A few news media outlets in California have reported on what has been up to now a very rare event - a strike by physicians.  An initial summary was in an article in the San Diego Union - Tribune, whose title was

First U.S. Doctors' Strike in Decades

A handful of doctors providing medical services to students at UC San Diego — and their colleagues at nine other University of California campuses — went on strike Tuesday.

It's the first time in 25 years that fully licensed doctors are picketing a U.S. employer, according to the Union of American Physicians and Dentists, which represents the physicians at the UC schools.

The work stoppage began at 7:30 a.m. and is scheduled to last one day. It involves 150 health center doctors who manage the primary care and mental health needs of students.


A second article in the Union-Tribune suggested that the point of contention between the union and the University of California administration was not primarily wages,

Collective bargaining has not gone smoothly for UC student services doctors who voted to join the Union of American Physicians and Dentists in November 2013. The two sides have not been able to agree on a contract. Union members voted for the one-day strike after accusing the university system of refusing to provide key financial information that would aid their negotiations.

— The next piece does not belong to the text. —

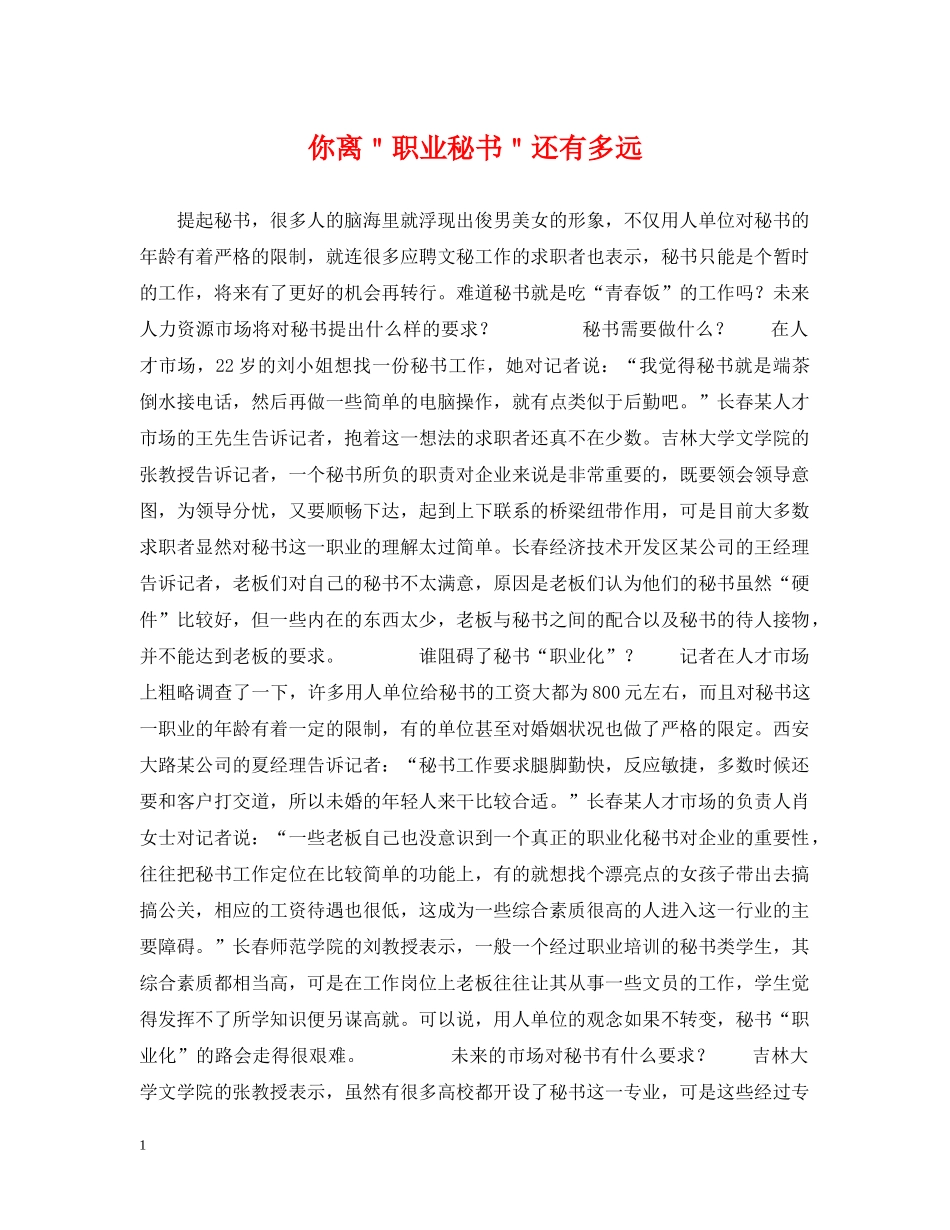 你离＂职业秘书＂还有多远_第1页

An article in the East Bay Express clarified that, 

The central unfair labor practice complaint centers on the university's refusal to disclose basic financial data to doctors as part of the negotiations, according to Dr. Jeff Nelson, a UC Berkeley physician and a member of the bargaining team.

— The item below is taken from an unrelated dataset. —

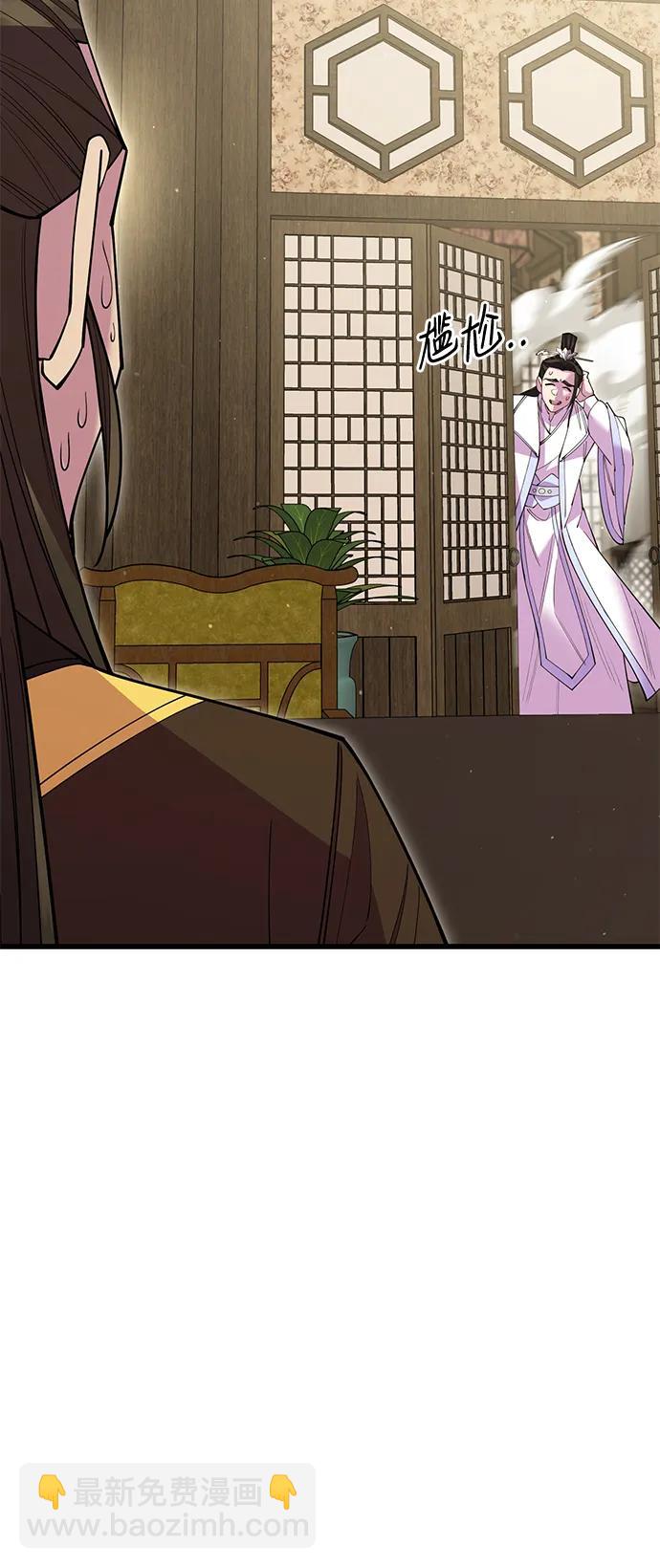 第53话96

'We have asked UC for financial information as to where their funding sources are and what kind of finding they have, and they're not giving that, even though as a public institution, they're required to,' Nelson told me this morning at a rally outside the Tang Center where UC Berkeley students receive health services. Citing the $3.1 billion fundraising campaign UC Berkeley completed last year, he added: 'They have an awful lot of money.'

Without the financial statistics the union has requested, UAPD can't fairly negotiate and settle a contract, said Sue Wilson, a UAPD spokesperson. 'We have a right to certain information that we need in order to bargain a contract.' For example, she said, the union has sought information about the recently approved 20 percent salary increases for chancellors, but hasn't had any luck getting the details it requested. Wilson said the union has also filed an unfair labor practice charge regarding UC's recent decision to require UAPD doctors to contribute more money to their pensions, despite the fact that university officials originally said they would make those changes through the contract negotiations. 'It shows a lack of respect,' she said.

Apparently, the striking doctors want more money not for salaries, but to improve services to patients, as discussed in the second Union-Tribune article,


Dr. Amol Doshi, one of the staff physicians who didn’t report to work Tuesday, said his decision to join the union and to strike came down to disagreements with management over how student health services is run. 

He said only about 15 minutes is provided for each patient, regardless of whether that student has one or several medical issues that need to be addressed.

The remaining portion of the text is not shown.